* **TASK STATEMENT**: Would you write out the full listing exactly, without any pictures?

* **RECORDED DATA**:
"""

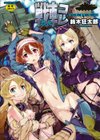 戦車コレ試し読み1ページ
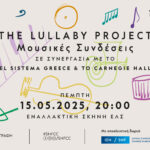 Lullaby Project: Μουσικές Συνδέσεις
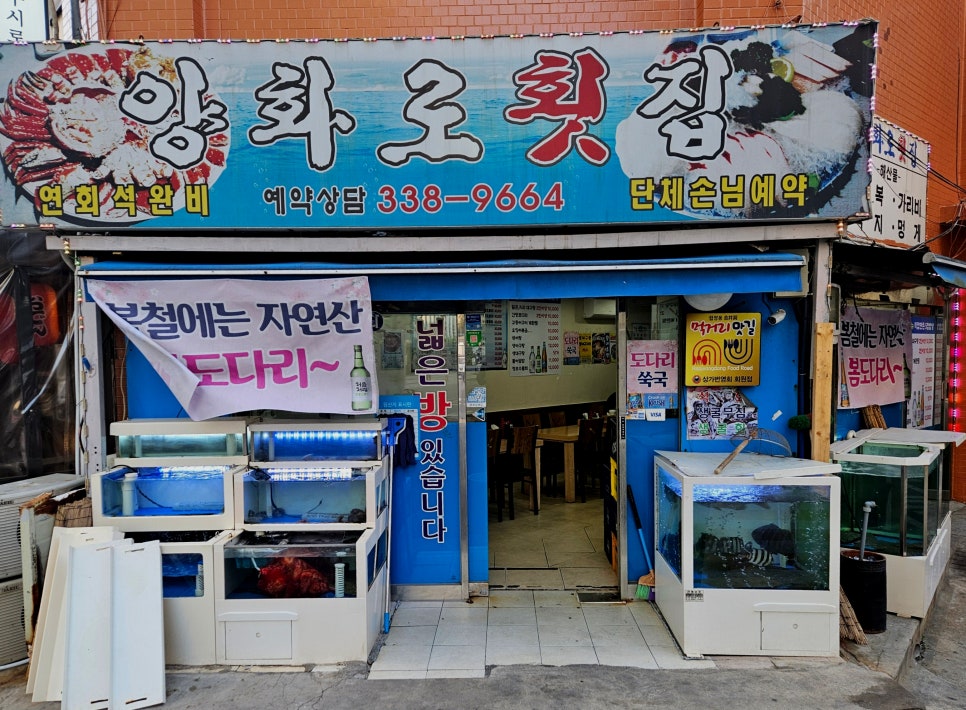 양화로횟집 이미지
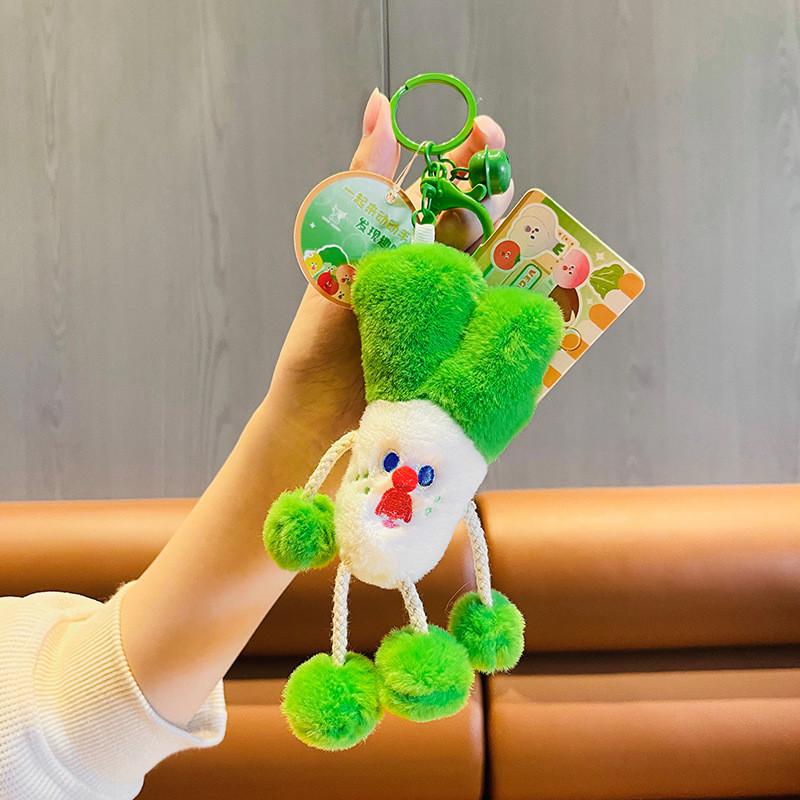 Очаровательный плюшевый брелок в виде овоща с дизайном эмодзи крика для милых аксессуаров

"""

* **TASK ANSWER**:
 戦車コレ試し読み1ページ
 Lullaby Project: Μουσικές Συνδέσεις
 양화로횟집 이미지
 Очаровательный плюшевый брелок в виде овоща с дизайном эмодзи крика для милых аксессуаров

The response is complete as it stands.